##### Dataset extract
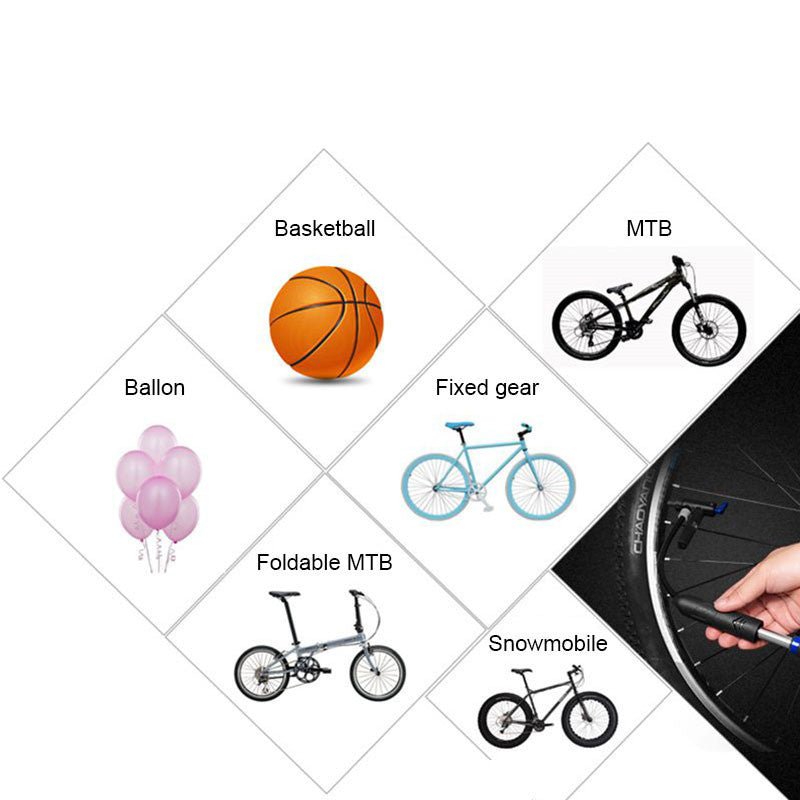 Mini Portable Bike Pump - Compact High Pressure Inflation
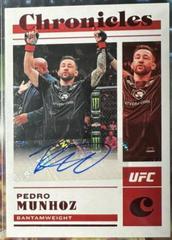 Pedro Munhoz #CS-PMZ Ufc Cards 2023 Panini Chronicles UFC Signatures Prices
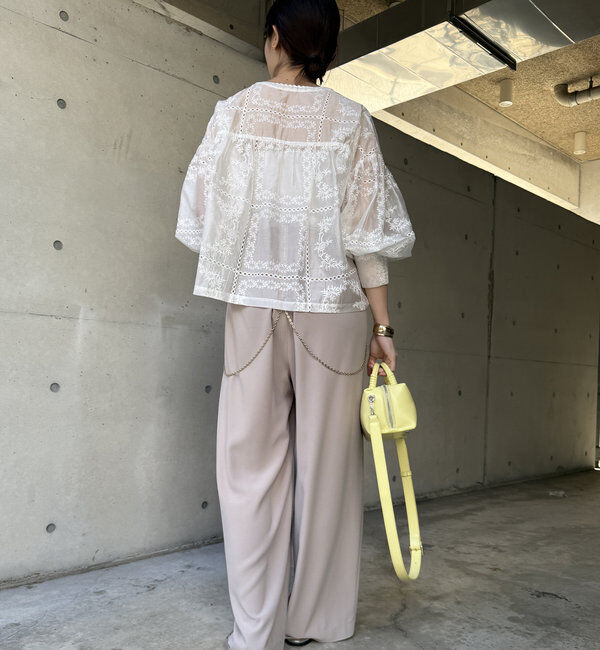  「【累計販売数3万枚突破/21色4サイズ展開！】タックワイドパンツ」|チノ|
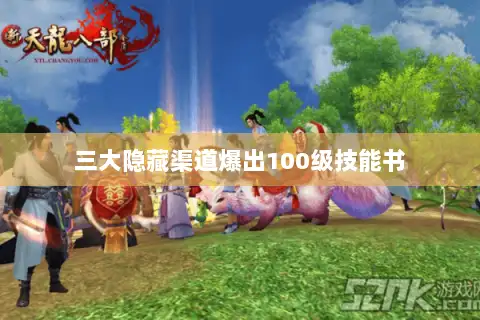 三大隐藏渠道爆出100级技能书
##########
→ **Task instructions**: Quote each line of the listing exactly, but leave the pictures out.

→ **Task output**:
 Mini Portable Bike Pump - Compact High Pressure Inflation
 Pedro Munhoz #CS-PMZ Ufc Cards 2023 Panini Chronicles UFC Signatures Prices
  「【累計販売数3万枚突破/21色4サイズ展開！】タックワイドパンツ」|チノ|
 三大隐藏渠道爆出100级技能书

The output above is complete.